IRS Adopts The In-Person Approach

The Internal Revenue Service (IRS) had an interesting New Year’s resolution for 2018: more in-person meetings for taxpayers who have a local IRS Revenue Officer assigned to their case.

For many taxpayers, particularly those who are unrepresented, this means that an IRS Revenue Officer will be coming to your home or place of business. The purpose of this meeting is to allow the IRS Revenue Officer to meet with the taxpayer and attempt to procure an accurate and complete Collection Information Statement (CIS).

In recent years, the IRS has seen an influx of taxpayers and their representatives attempt to “game” the system by providing half-completed CISs in an attempt to delay collection efforts. These in-person meetings are intended to circumvent those efforts. Taxpayers or their representatives will no longer be able to prolong the IRS’s collection efforts, intentionally or otherwise, by submitting half-completed CISs. This is definitely a good step forward for all of the involved parties in these cases because cases will be worked more quickly and, hopefully, taxpayer will not have to wait to secure final resolutions.

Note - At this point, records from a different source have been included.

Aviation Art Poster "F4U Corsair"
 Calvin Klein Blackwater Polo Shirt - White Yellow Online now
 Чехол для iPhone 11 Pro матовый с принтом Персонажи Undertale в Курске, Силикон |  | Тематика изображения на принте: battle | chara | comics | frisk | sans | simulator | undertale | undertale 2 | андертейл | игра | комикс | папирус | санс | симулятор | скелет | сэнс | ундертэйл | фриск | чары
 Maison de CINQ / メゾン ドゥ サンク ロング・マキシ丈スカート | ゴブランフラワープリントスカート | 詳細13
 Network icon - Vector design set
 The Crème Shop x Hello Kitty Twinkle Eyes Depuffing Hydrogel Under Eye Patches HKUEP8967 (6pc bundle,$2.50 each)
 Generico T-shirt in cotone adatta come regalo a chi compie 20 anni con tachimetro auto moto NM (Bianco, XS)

A redacted copy of one of these letters, scheduling the in-person meeting, is linked here for your review. Aside from utilizing the letter to actually schedule the date and time for the meeting, the IRS also uses the letter to advise the taxpayer of the information and documentation needed to complete the CIS and, ultimately, support a reasonable alternative to enforced collection action. A few examples of that requested information and documentation is: delinquent tax returns, bank statements, and other evidence of income or expenses.

Given the over-arching goal of the meeting, the prudent taxpayer or representative would use the time before that meeting to gather and organize the requested information and documentation. While they may not be able to gather everything that is requested, a good faith effort at gathering and organizing those documents will likely go a long way in negotiations with the IRS Revenue Officer relating to a reasonable alternative to enforced collection action.

It is important to note that the taxpayer and their representative will retain all of their traditional tools for working with the IRS, such as, Collection Due Process or Equivalent Hearings or Collection Appeal Requests. Those tools may still be helpful in negotiating a resolution to outstanding obligations. There is additional information regarding those tools here, here, and here.

Moving forward, taxpayers and representatives should be on the look-out for these letters scheduling meetings with the IRS. Use them as the opportunity that they are to work to resolve the outstanding obligations in an efficient manner.